Ray of hope as house price erosion slows
The pace of falling house prices has eased in a tentative sign the downturn is “losing some steam”.
The pace of falling house prices has eased, with the 0.6 per cent drop in March the smallest fall since October.
However, the malaise has widened and year-on-year declines have deepened to the levels seen during the global financial crisis.
Researcher CoreLogic found prices fell in six of the eight capitals and five of the seven “rest of state” markets during March. Head of research Tim Lawless said there were tentative signs that the downturn was “losing some steam”.
“Although this is a positive development, the outlook for the housing market will continue to be affected by uncertainty related to the federal election, lending policies and, more broadly, domestic economic conditions,” Mr Lawless said.
“No doubt some buyers and sellers are delaying their housing decisions until after the election. However, there is no guarantee certainty will improve post-election, considering the impact of a wind back of negative gearing and halving of the capital gains tax concession is largely unknown.”
Despite an easing in the rate of declines, the year-on-year fall of 6.9 per cent was the worst since the GFC, according to investment bank UBS.
CoreLogic continues to expect Sydney and Melbourne to be hardest hit and has maintained its forecast of an 18 to 20 per cent fall in prices for Sydney from the height of the market in 2017 to the bottom, most likely next year, with Melbourne to closely follow.

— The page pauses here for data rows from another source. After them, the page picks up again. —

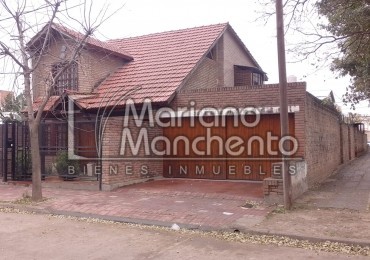 BARRIO EL TREBOL, EXCELENTE PROPIEDAD EN VENTA - AMPLIA, FUNCIONAL Y CON TODO EL CONFORT 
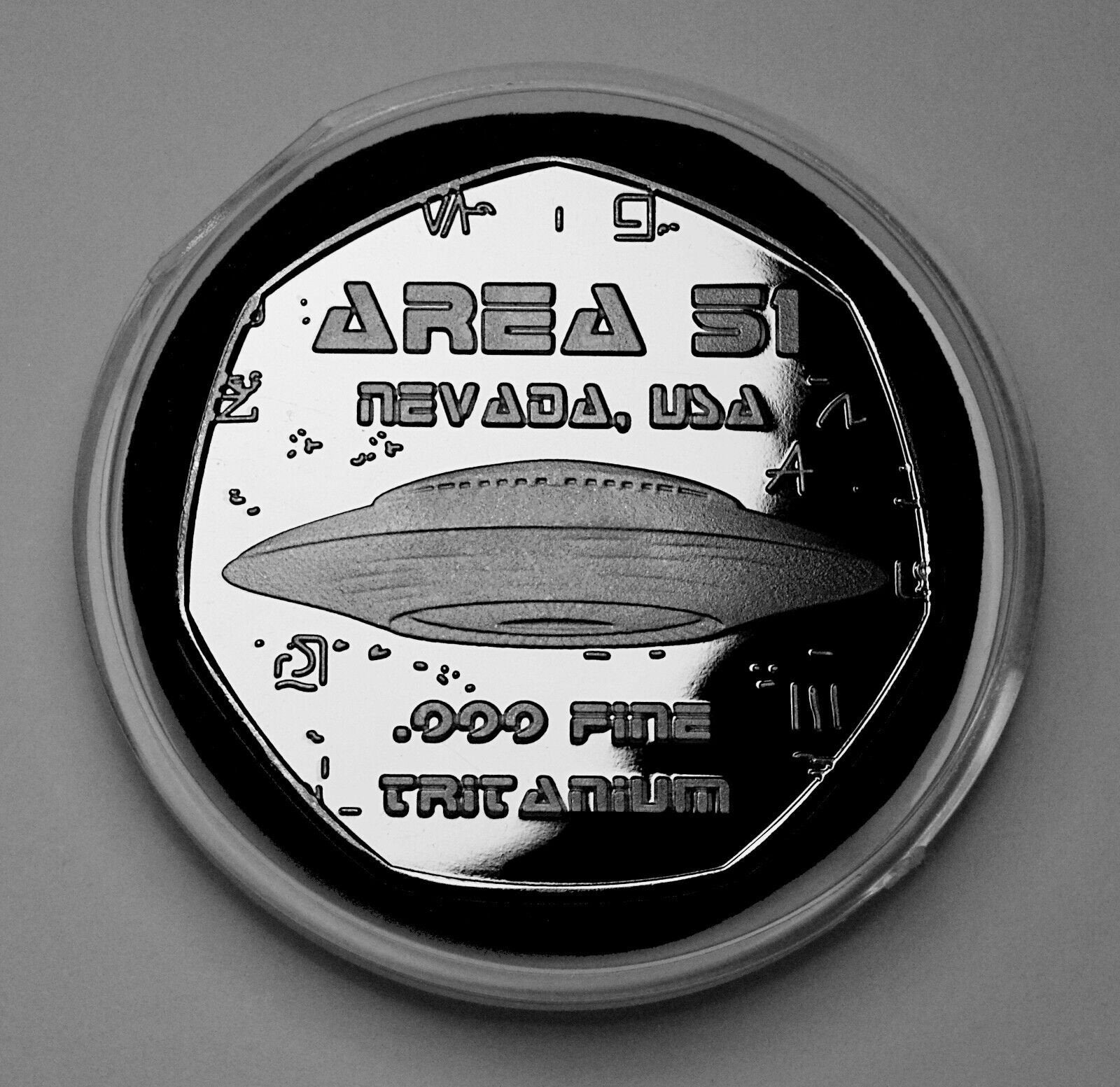 非常に希少な .999「トリタニウム」エイリアンコイン/カプセル入り遺物。エリア 51。UFO/宇宙船 - Etsy 日本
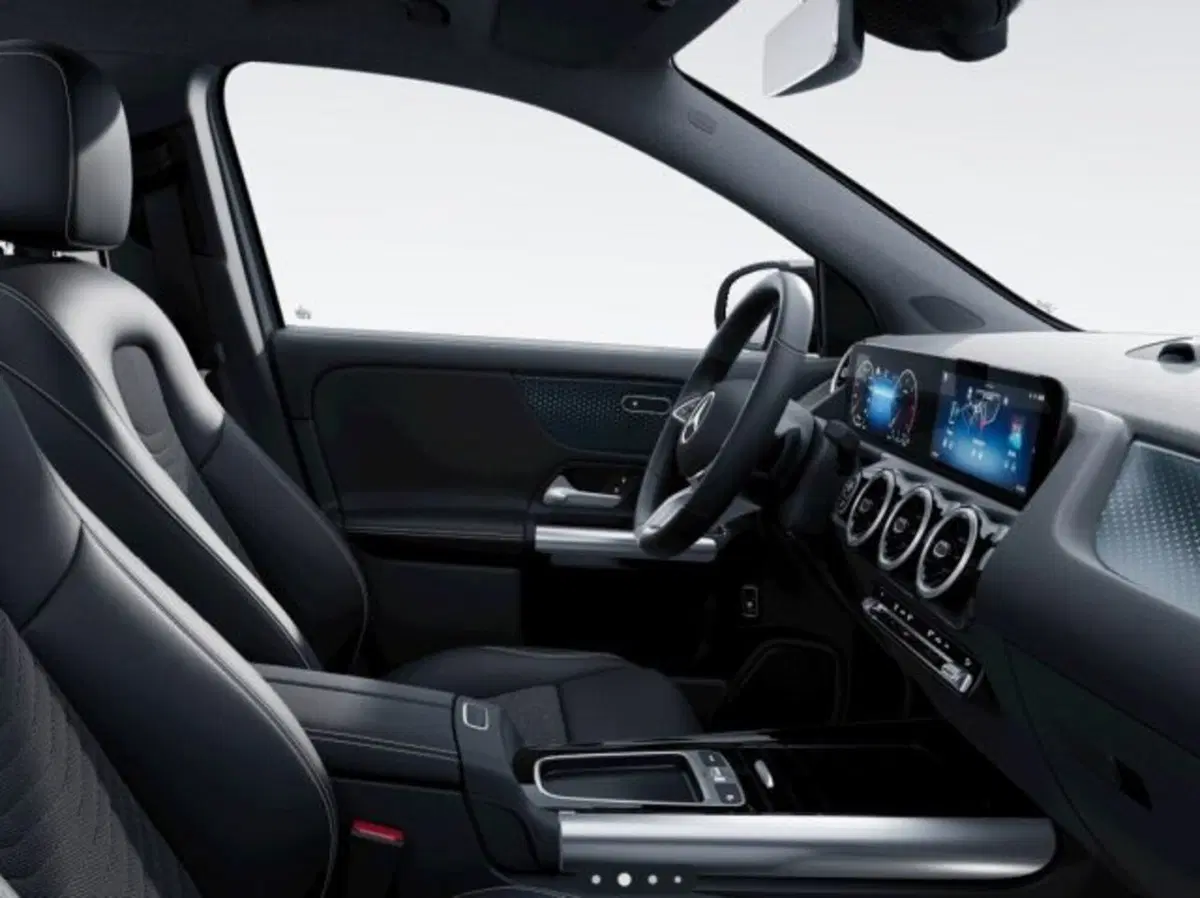 Mercedes-Benz GLA SUV nuova a Verona (8)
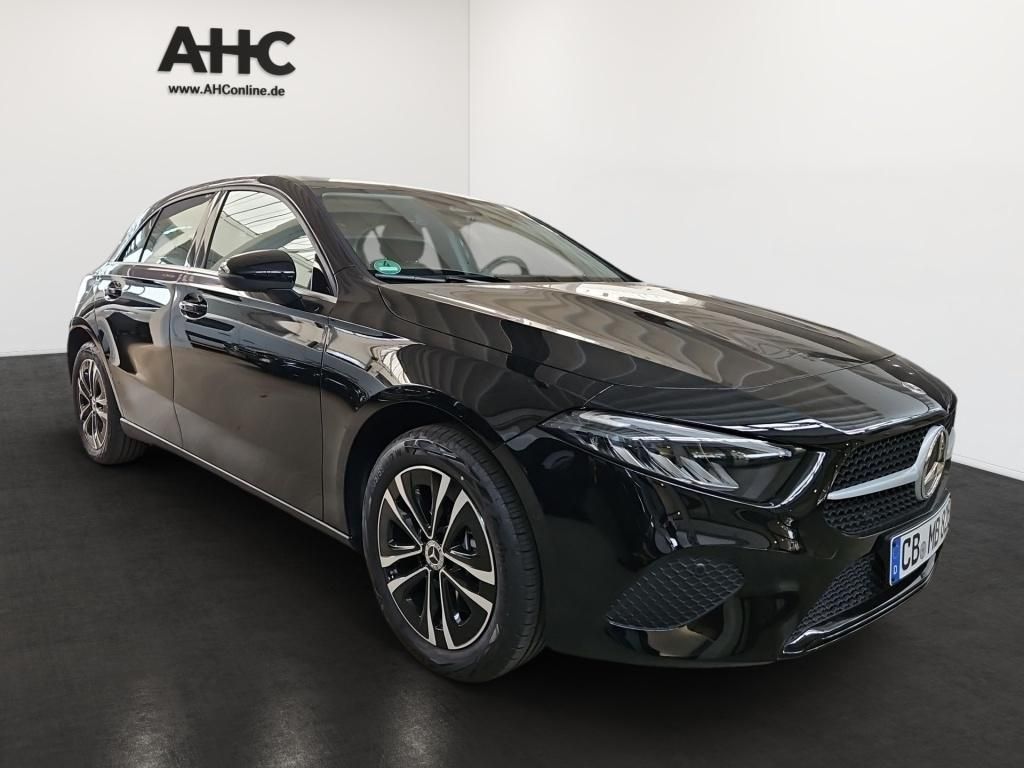 Fahrzeugabbildung Mercedes-Benz A 250 e Kompaktlimousine +ADVANCED+PT+TOTWINKEL+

Prices in Sydney fell 0.9 per cent for the month and 10.9 per cent for the year, while Melbourne prices were down 0.8 per cent for March and 9.8 per cent for the year.
Brisbane fell 0.6 per cent and 1.3 per cent for the year, Adelaide was down 0.2 per cent but increased 0.8 per cent for the year, Perth fell 0.4 per cent and was down 7.7 per cent annually, and Darwin values fell 0.6 per cent, and 6.8 per cent for the year.
Prices in Hobart were resilient, increasing 0.6 per cent in March and 6 per cent for the year, while Canberra was also in the black, with prices flat during the month but there was a 3.1 per cent lift for the year.
Across the 46 areas analysed by CoreLogic, seven avoided falls, including suburban Hobart and Canberra and regions around Brisbane and Adelaide, while Melbourne’s prestigious inner east saw the biggest value drop over the year — 16.1 per cent — followed by Sydney’s Ryde at 14.7 per cent.
In Sydney and Melbourne the top quartile of the market was hardest hit.
Jennifer and Jack Anderson hope to take advantage of the fall in Brisbane’s house prices as they search for a family home in the inner suburbs.
Ms Anderson said they had been looking sporadically over the past six to 12 months, but were now getting serious.
“The plan is to get a bargain, fingers crossed,” said the 22-year-old finance manager.
Ernst & Young chief economist Jo Masters said the falls were putting more pressure on Australian households when a third already had cost-of-living concerns.
“The broadening of falling house prices presents a challenge to the economy, adding a headwind to households that are already facing low wage growth, record debt and concerns about the cost of the living,” she said.